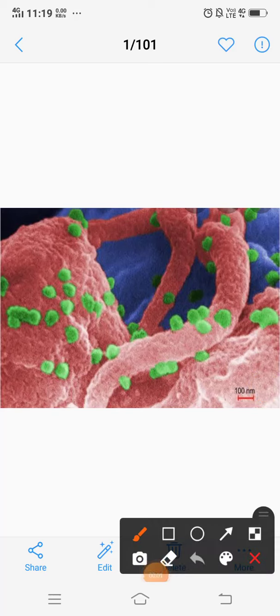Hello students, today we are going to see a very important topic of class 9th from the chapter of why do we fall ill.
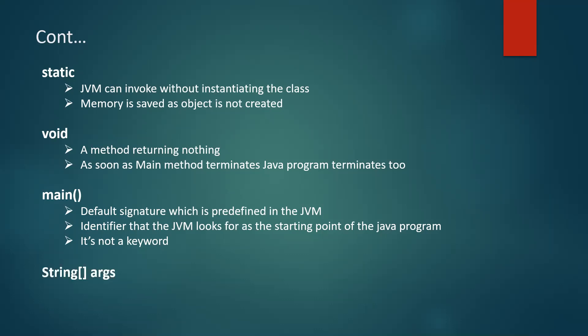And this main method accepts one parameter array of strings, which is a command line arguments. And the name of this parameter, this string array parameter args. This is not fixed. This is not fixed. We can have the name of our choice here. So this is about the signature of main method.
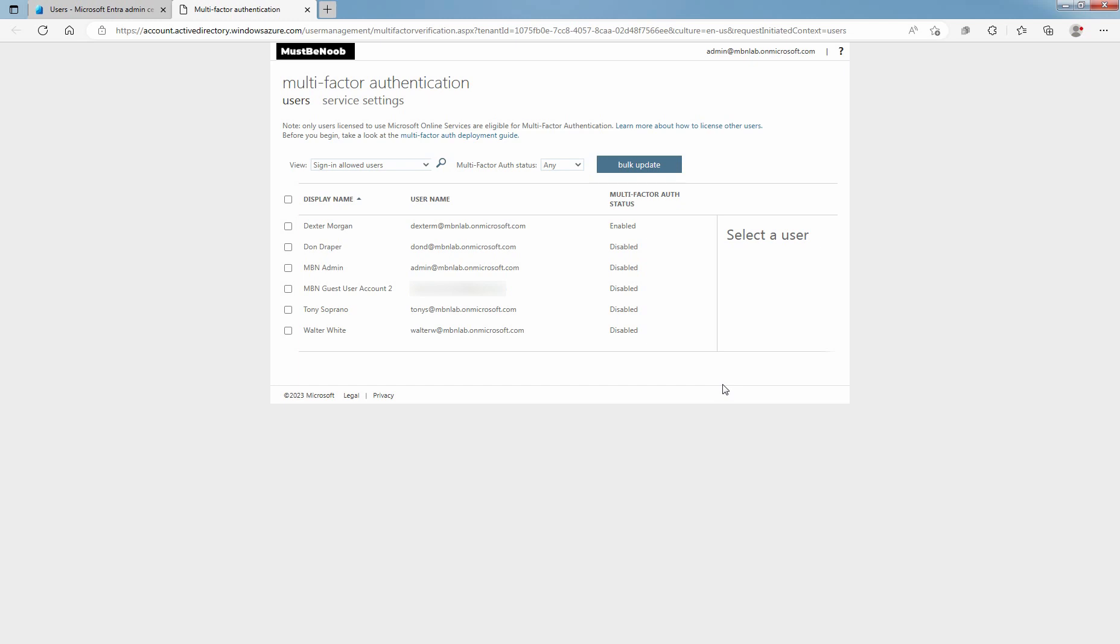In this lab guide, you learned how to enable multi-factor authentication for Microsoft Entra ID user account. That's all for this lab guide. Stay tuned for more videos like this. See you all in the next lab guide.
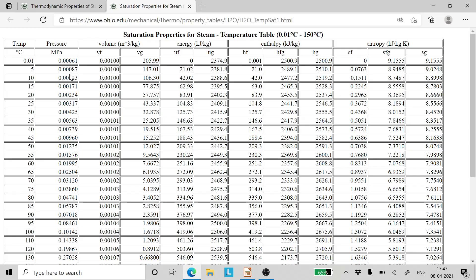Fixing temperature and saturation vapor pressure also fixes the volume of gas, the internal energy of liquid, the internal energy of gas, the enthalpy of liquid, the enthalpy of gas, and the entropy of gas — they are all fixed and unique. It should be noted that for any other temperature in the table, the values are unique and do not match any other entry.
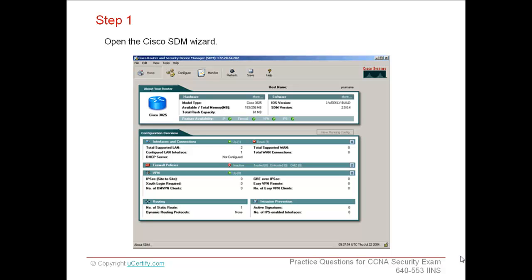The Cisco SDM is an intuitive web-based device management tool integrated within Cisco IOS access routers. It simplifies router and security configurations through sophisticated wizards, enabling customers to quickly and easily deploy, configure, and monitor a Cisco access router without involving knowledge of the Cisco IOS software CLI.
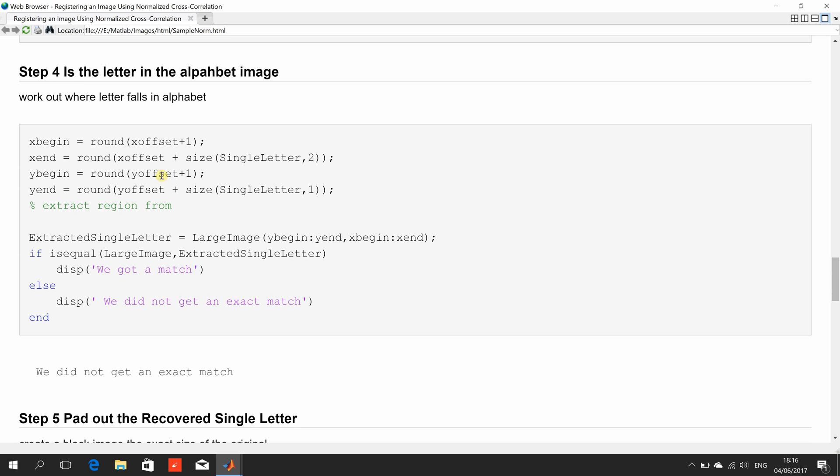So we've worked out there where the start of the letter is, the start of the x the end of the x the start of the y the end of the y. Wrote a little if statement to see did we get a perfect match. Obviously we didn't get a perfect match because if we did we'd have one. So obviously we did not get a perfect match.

********************

▶ **Task instructions**
Pictures excluded, give again exactly and only the lines of the material above from the line with "In this lab" through the line with "Fixing temperature and".

▶ **Output of the exercise**
In this lab guide, you learned how to enable multi-factor authentication for Microsoft Entra ID user account. That's all for this lab guide. Stay tuned for more videos like this. See you all in the next lab guide.
Fixing temperature and saturation vapor pressure also fixes the volume of gas, the internal energy of liquid, the internal energy of gas, the enthalpy of liquid, the enthalpy of gas, and the entropy of gas — they are all fixed and unique. It should be noted that for any other temperature in the table, the values are unique and do not match any other entry.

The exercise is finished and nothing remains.